Afterwards Mickey Harte, Tyrone's wise old sage cemented as manager with 12 years of regenerative success, and Jim Gavin, the Dublin manager who staunchly stands over a fast paced flowing philosophy, adopted interestingly similar views of what was offered as an advertisement for a game in serious competition with professional sports on this island.

“There is no right or wrong way to play,” said Gavin with his usual magnanimity. “It’s fascinating to be involved in the middle of it.

It’s a great challenge for coaches to set up their defensive systems and set up a system to counteract that.

“We saw in the All-Ireland final how that went. I don’t know if that’s the template for the future...”

Think it’s fascinating for the public Jim?

“I wouldn’t think so, no.”

Without mentioning rugby by name, Gavin seemed to reference Ireland under Joe Schmidt, pointedly the manner in which they counteract opponent's driving maul by cleverly refusing to embrace it, via a chink in the rule book, thereby negating its effectiveness.

“The managers are playing within the rules. We see it in other sports at the elite level where it can be very strategic and tactical and it’s about holding onto possession and not conceding territory.

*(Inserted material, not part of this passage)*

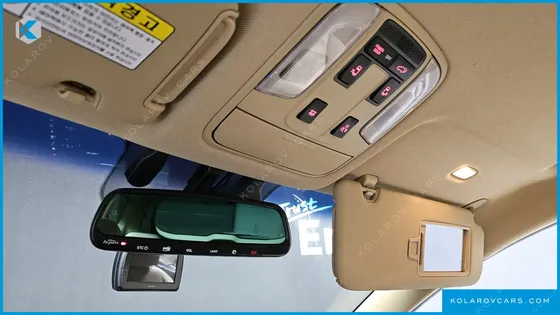 KIA CARNIVAL GASOLINE 9-SEATER NOBLESSE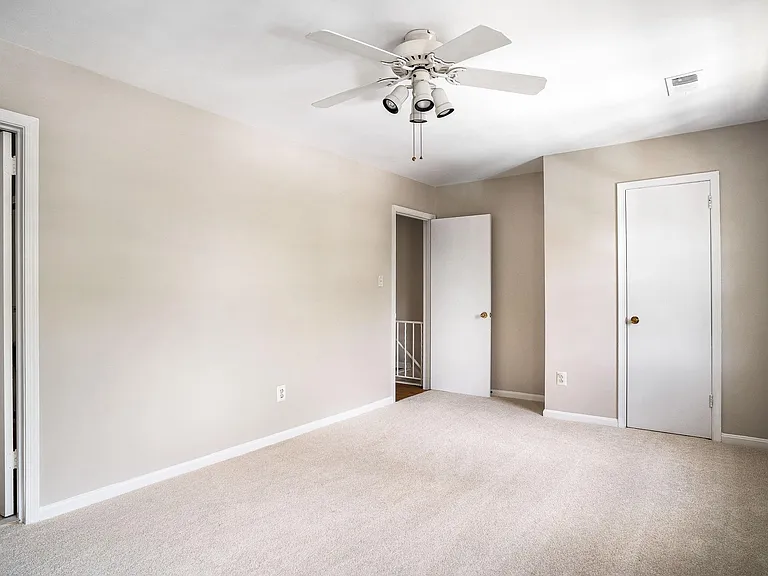 2804 Balliett Ct — Photo 12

“Gaelic football has evolved that way. It might come back the other way but managers and player are playing within the rules,” he reiterated.

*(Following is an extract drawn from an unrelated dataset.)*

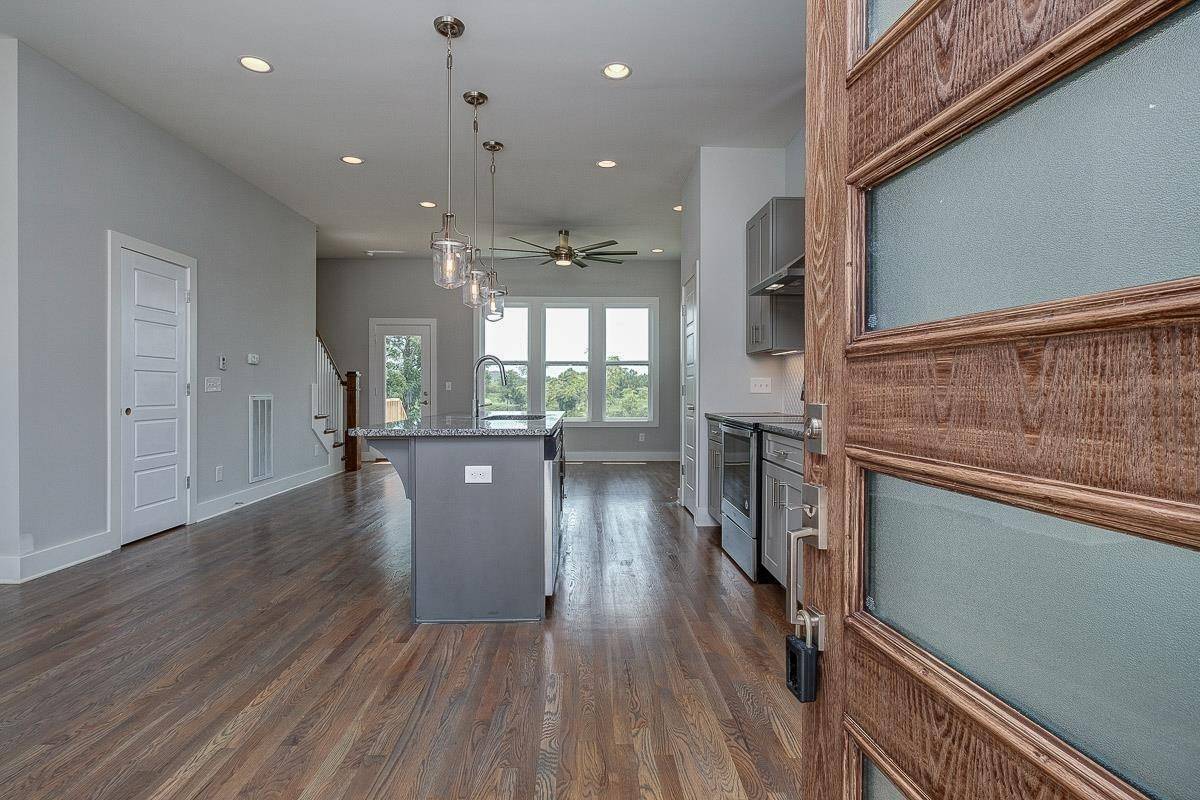 Nashville, TN 37218,1016A Alice St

“Whether it is pretty on the eye, the All-Ireland champions don’t really mind. The counties who win the All-Ireland’s, who win the cups are just happy with victory.”

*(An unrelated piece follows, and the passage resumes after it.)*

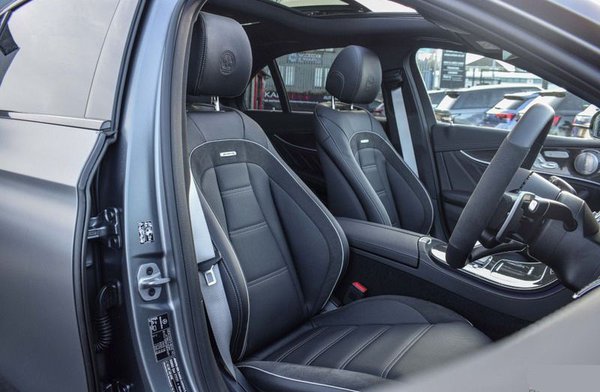 2022 Mercedes E 63 S AMG 4Matic - Front Cabin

Ever tempted to join them?

“No,” Gavin replied.

Harte, the ultimate football pragmatist, also leaned into other sports while defending his team’s ultra defensive yet rapid counter-attacking ways.

“The game is about how well you can defend and how well you can attack,” said Harte. “It’s a very fluid game at the minute.

“I like to see difference in the game. I like to see quality defending. People don’t give defenders credit for defending with discipline. That’s good to see as well.

“Many other teams get all their players behind the ball, in fact in Premiership soccer - I know teams have 11 a side - but sure how often do teams have everybody behind the ball there, make a break and get scores.

“I don’t see why it should be any different in Gaelic games. If you need to defend as a team and as a unit then you need to attack that way as well.

“I think that’s entertaining when people break from the back at pace, with control, and get good scores.”

Tyrone did this with five of their twelve points. The others scores were from frees. Dublin posted 1-5 of their 1-9 from play with Dean Rock’s dead eye gathering the rest.

Harte was also asked whether he worried for the neutral who sought entertainment from Gaelic football. The answer coated in his perspective, his proven brand of winning at all cost.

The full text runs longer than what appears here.